The Foundation for the National Institutes of Health (FNIH) said the Accelerating Medicines Partnership Bespoke Gene Therapy Consortium (AMP BGTC) has selected eight rare diseases for its portfolio of clinical trials.
This portfolio pioneers new approaches to the development of gene therapies for rare diseases by demonstrating that manufacturing and testing standards can provide a simplified approval pathway for the first clinical trials in humans. The announcement was made on the first day of the American Society of Gene & Cell Therapy (ASGCT) 26th annual meeting in Los Angeles.
Administered by the FNIH, AMP BGTC is a public-private partnership between the National Institutes of Health (NIH), the US Food and Drug Administration (FDA), biopharmaceutical and life science companies, and non-profit and other organizations to help accelerate the development and delivery of effective gene therapies. customized, or “bespoke”, treatments that can treat millions of people affected by rare diseases.
BGTC aims to streamline the regulatory approval process by establishing minimum standards for manufacturing, product analytical testing, and pre-clinical testing. All of this information will be provided to the public by means of standard templates and an instructional “development manual” free of charge.
“BGTC offers promise for rare disease patients around the world,” said Julie Gerberding, CEO of FNIH.
“The announcement of its portfolio of clinical trials is an important milestone, bringing people with rare genetic diseases one step closer to approved therapies.”
What rare diseases will the portfolio of AMP BGTC gene therapy trials be?

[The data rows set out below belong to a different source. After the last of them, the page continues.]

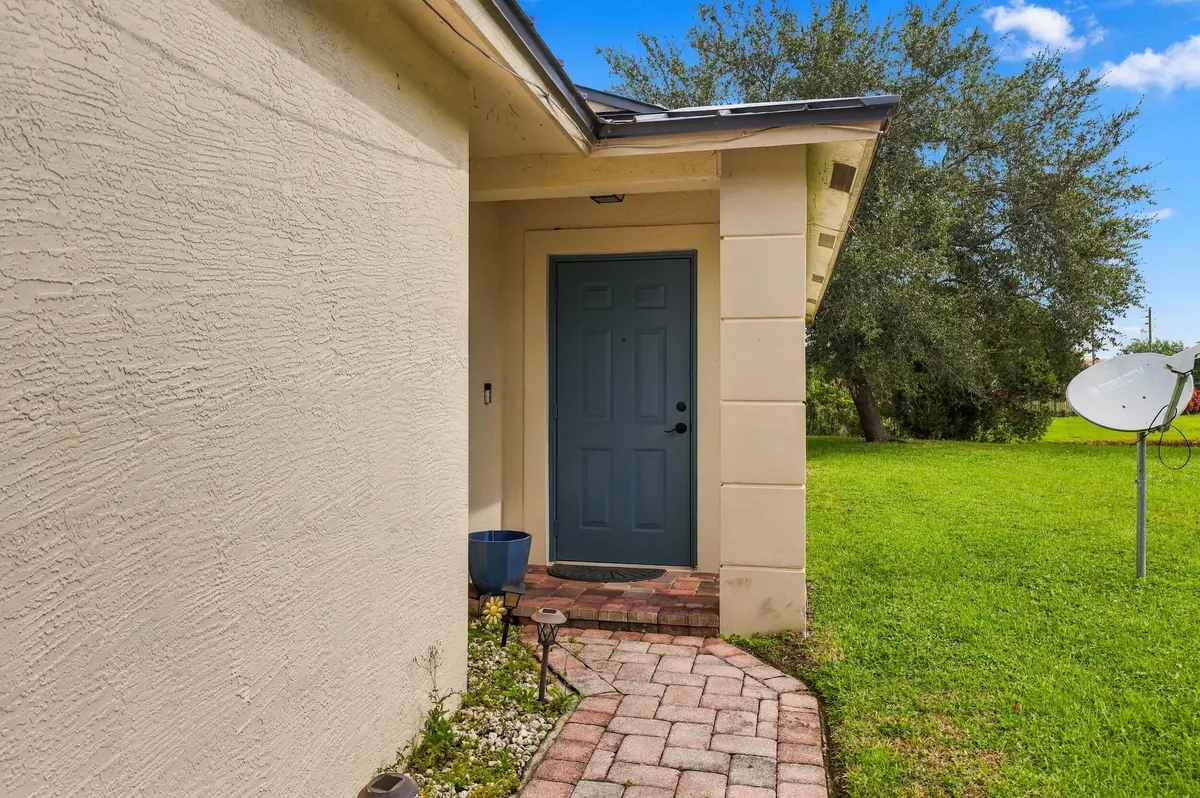 4_1z3a8579 at 1985 SW MARBLEHEAD Way, Port St. Lucie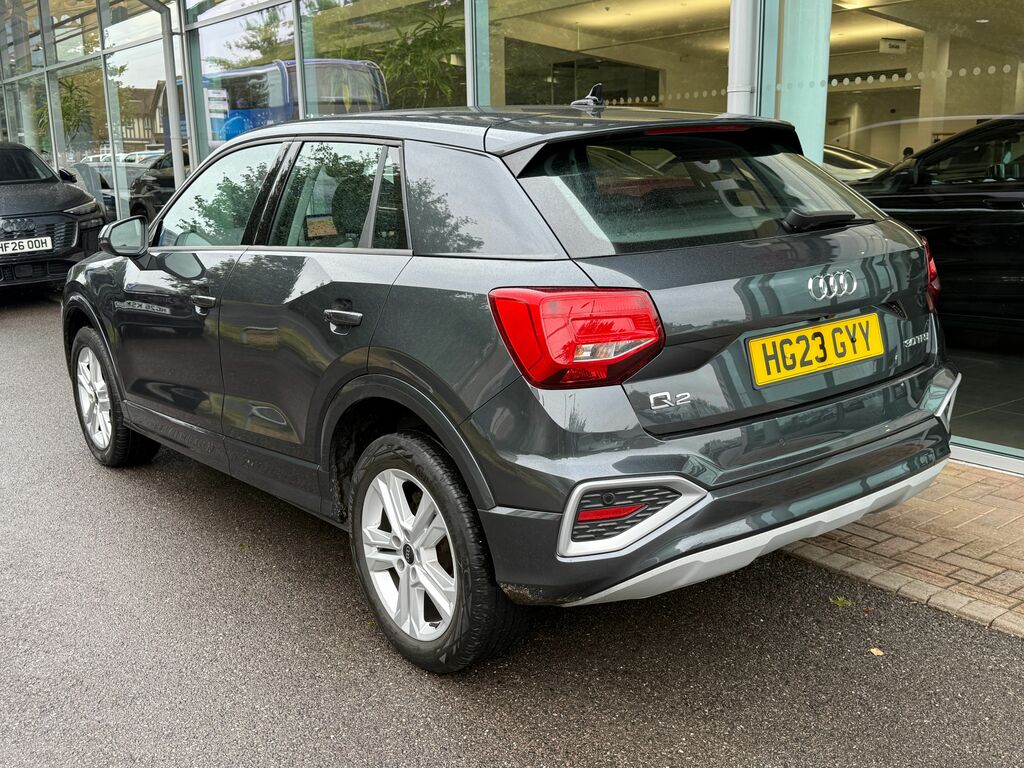 Audi Q2 Sport Black #3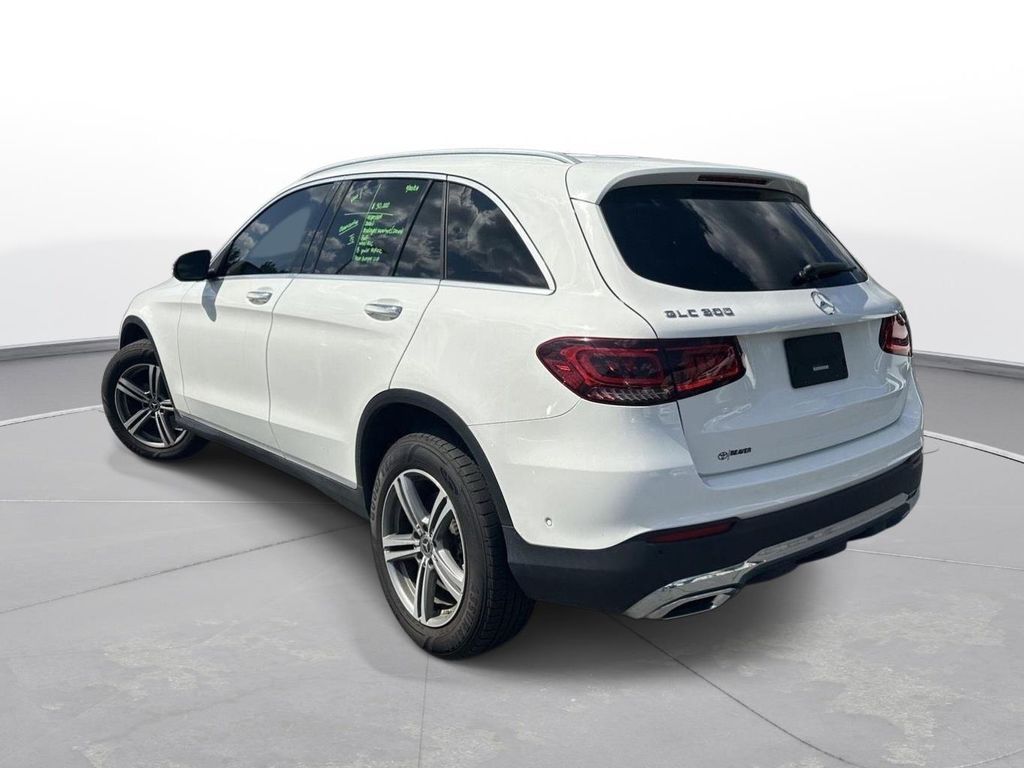 2021 Mercedes-BENZ GLC — фото 8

The eight rare diseases that will be part of the clinical trial portfolio are:
- Charcot-Marie-Tooth disease type 4J
- Congenital hereditary endothelial dystrophy
- Morquio A syndrome
- Multiple sulfatase deficiencies
- NPHP5 retinal degeneration
- Propionic acid (PCCB)
- Retinitis pigmentosa 45
- Spastic paraplegia 50
Eight were selected based on a scientific and technical review by a panel of gene therapy experts using criteria set by the BGTC. These criteria include, but are not limited to, sufficiency of the gene for inclusion into an adeno-associated virus (AAV) vector, sufficient proof of concept and natural history data, presence of an established disease model, lack of available treatment and overall readiness to enter clinical trials. .
“As the parent of a child with a rare disease, it has been a long and arduous journey to research and test safe and effective treatments,” said Terry Pirovolakis, patient advocate, founder of CureSPG50 and CEO of Elpida Therapeutics.
“BGTC offers a path of potential and hope for children who have no other choice.”
More than 30 million people in the US are living with the devastating effects of rare diseases. There are more than 10,000 rare diseases, and more than 80% of them are caused by genetic defects. Rare disease patients and their families often suffer without hope of treatment, as many rare diseases are neglected due to small patient populations and limited commercial viability.
“With this portfolio of clinical trials, we are able to build a bridge that creates a standardized and publicly available roadmap for all AAV gene therapies to follow, with iterative solutions for templates, regulatory files, and manufacturing processes,” said Courtney Silverthorn, associate vice president, partnership science, at FNIH.
“A single rare disease can affect hundreds of thousands of people globally, or just a few dozen, and BGTC aspires to make gene therapy more accessible and sustainable, no matter the size of the patient population.”
BGTC has more than $97 million in financial and in-kind commitments from its partnerships with 33 member organizations, including 11 NIH institutes and centers, 12 life sciences companies, and 10 nonprofits.
The FNIH is also active in other areas, such as the fight against cancer.